Omdia: Enterprises Still Rely on Passwords as Credential Theft Attacks Escalate

Password Dependence Persists Despite Known Risks

Enterprises continue to rely on passwords for authentication even as credential theft attacks proliferate across workforce, customer, and third-party access points, according to Omdia's white paper "Controlling Identity Risk: Detecting and Mitigating Identity Threats" published this week. The research, commissioned by ID Dataweb, found that fragmented IAM strategies leave organizations exposed to threats that traditional authentication cannot detect.

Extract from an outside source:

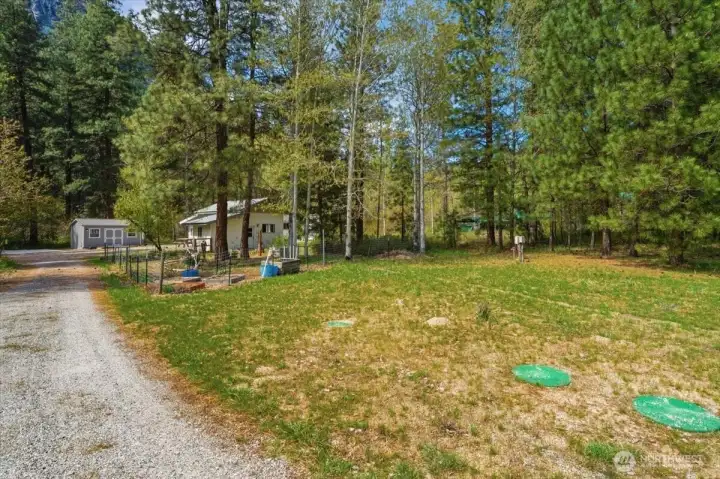 Looking down the driveway with septic system on the right.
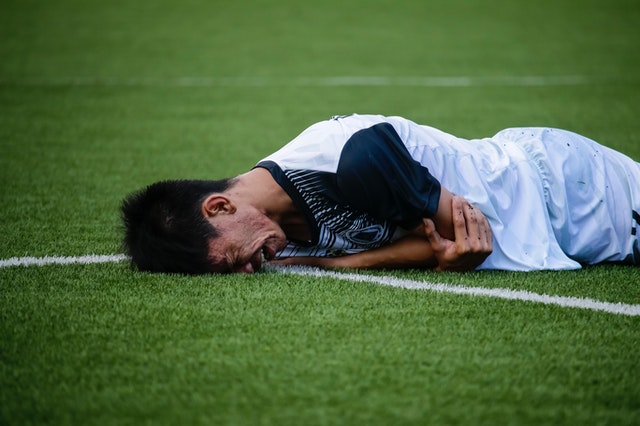 jogador asiático deitado em campo chorando com o rosto encostado na grama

The gap matters because credential-based attacks now target multiple identity types simultaneously. Organizations manage an average of 80 machine accounts per user, with non-human identities growing 40% annually. Static authentication checks at login miss suspicious behavior that emerges during transactions, allowing attackers to operate undetected after initial access.

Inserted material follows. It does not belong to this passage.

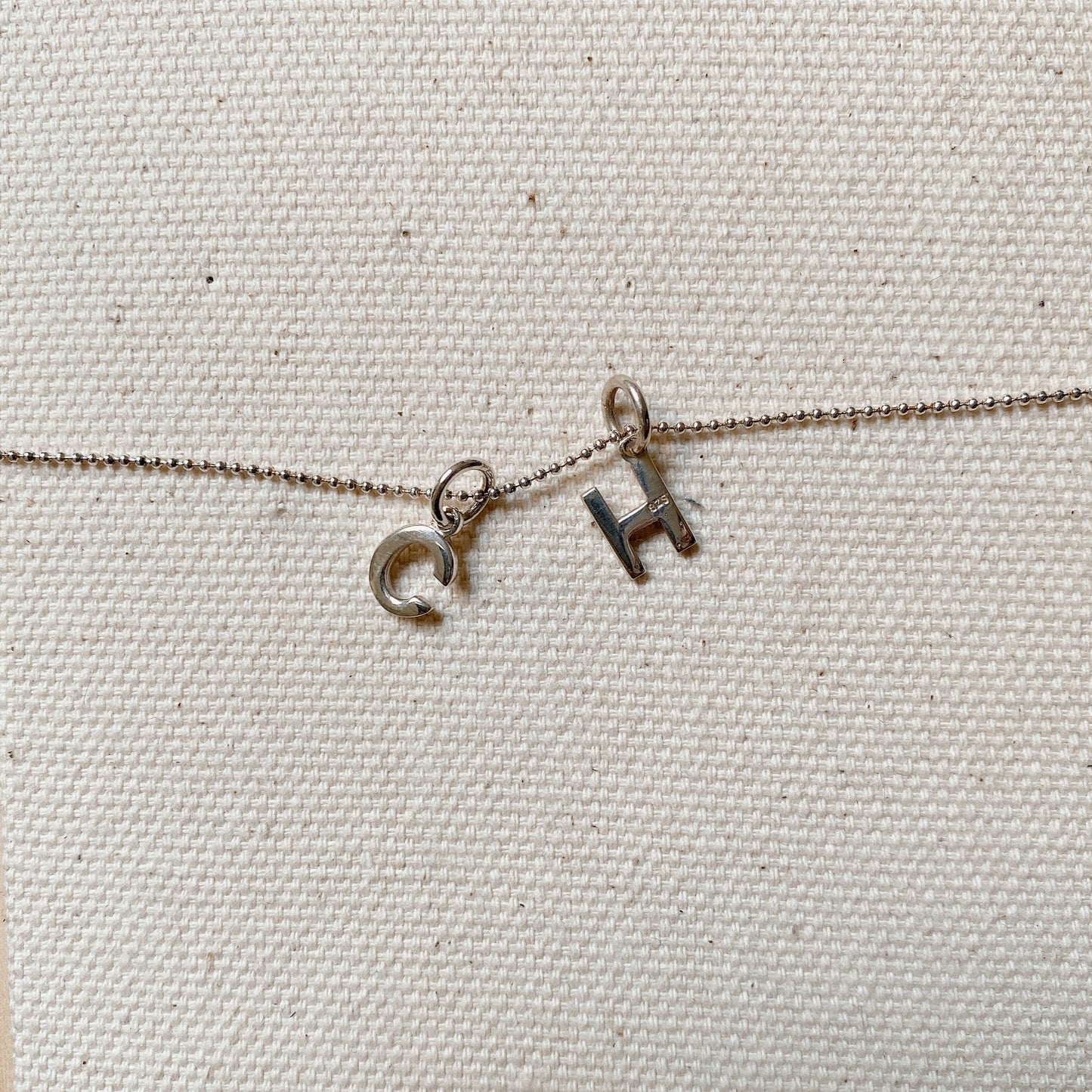 SILVER INITIAL CHARM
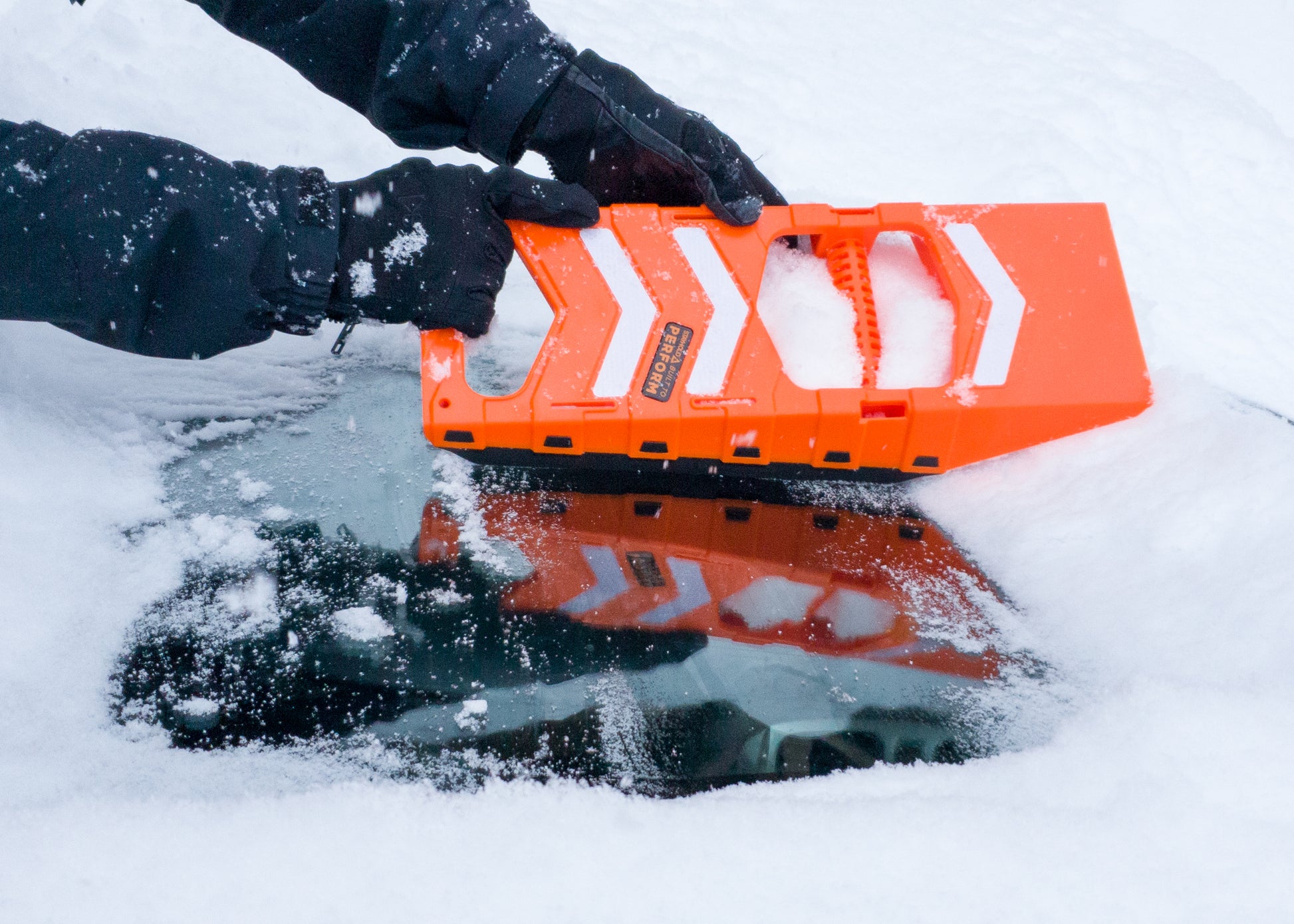 Stayhold Compact Safety Shovel clearing snow from window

Adaptive Verification Replaces Point-in-Time Checks

Omdia recommends enterprises overhaul IAM to incorporate behavioral analytics, device intelligence, real-time risk scoring, and unified orchestration. This approach analyzes transaction patterns continuously rather than validating identity once at login. T-Mobile reduced daily authentication events from 60-70 to 7-10 using Okta's adaptive access controls, demonstrating how contextual verification cuts friction while improving security.

The shift requires platforms that unify governance across human, non-human, and AI identities. Saviynt's October 2025 expansion of AI-powered Identity Security Posture Management addresses this requirement, covering cloud and on-premises environments in a single system backed by $700M in funding. The product competes against separate tools for identity governance and privileged access management, which create visibility gaps between systems.

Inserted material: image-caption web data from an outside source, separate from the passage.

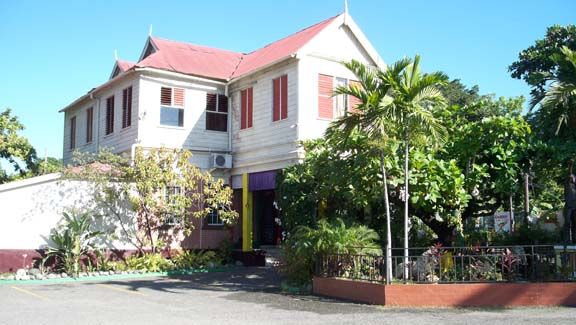 Two-story white house with red roof and shutters, surrounded by tropical trees and plants in bright sunlight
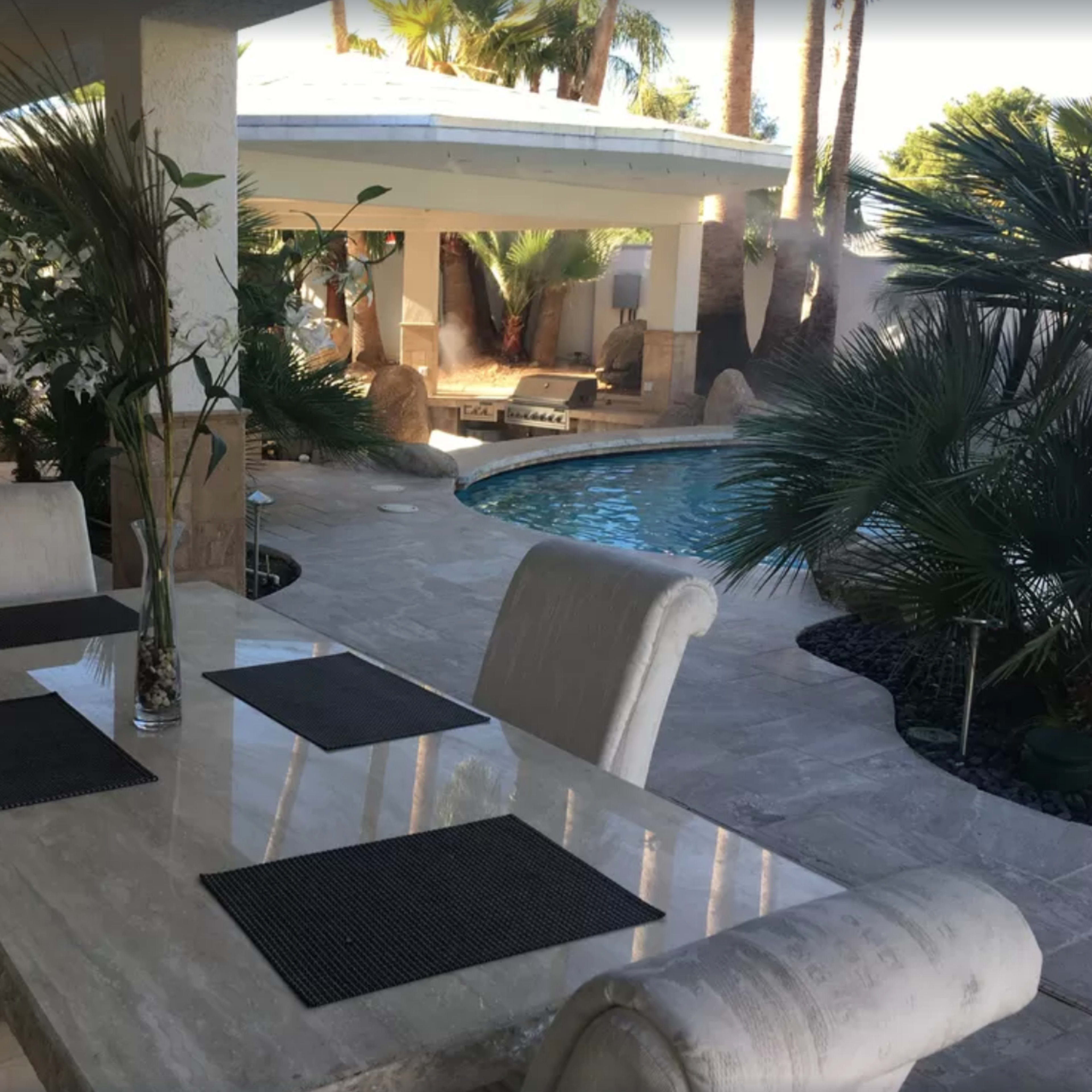 A dining table is set with placemats in a covered patio area next to a pool surrounded by palm trees.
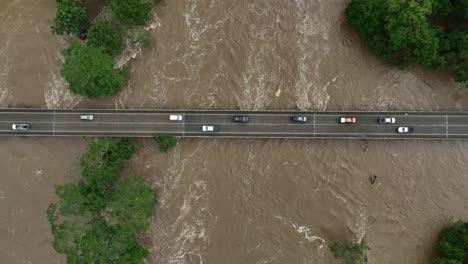 bird's-eye view over cars driving across the raging barron river, cairns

Consolidation Tilts Market Toward Converged Platforms

M&A activity in 2025 totaled $96-102B as buyers moved toward integrated platforms. Palo Alto Networks acquired CyberArk for $25B, while CyberArk separately purchased Venafi for $1.5B to add machine identity capabilities. These deals signal that enterprises prefer vendors combining identity governance and privileged access management over point products.

The consolidation pressures specialists. Okta faces scrutiny following high-profile breaches that exposed customer data, prompting Forrester's 2026 IAM trends report to highlight increased FedRAMP and SOC 2 compliance demands. Delinea recently joined Microsoft's Entra ecosystem rather than compete independently. Startups like Beyond Identity, which raised $205M for passwordless authentication, and MojoAuth, claiming 145M identities acquired in three months, challenge incumbents by offering AI-native architecture from the start.

Budget Implications for Security Teams

Buyers must decide whether to upgrade legacy multi-factor authentication or replace it entirely with adaptive platforms. The decentralized identity market reaches $4.9B in 2026, growing at 53.5% CAGR toward $41.7B by 2030, indicating rapid buyer adoption. Organizations already using separate IGA and PAM tools face a choice: continue integrating disparate systems or consolidate to platforms like Saviynt or Cisco Duo that unify these functions.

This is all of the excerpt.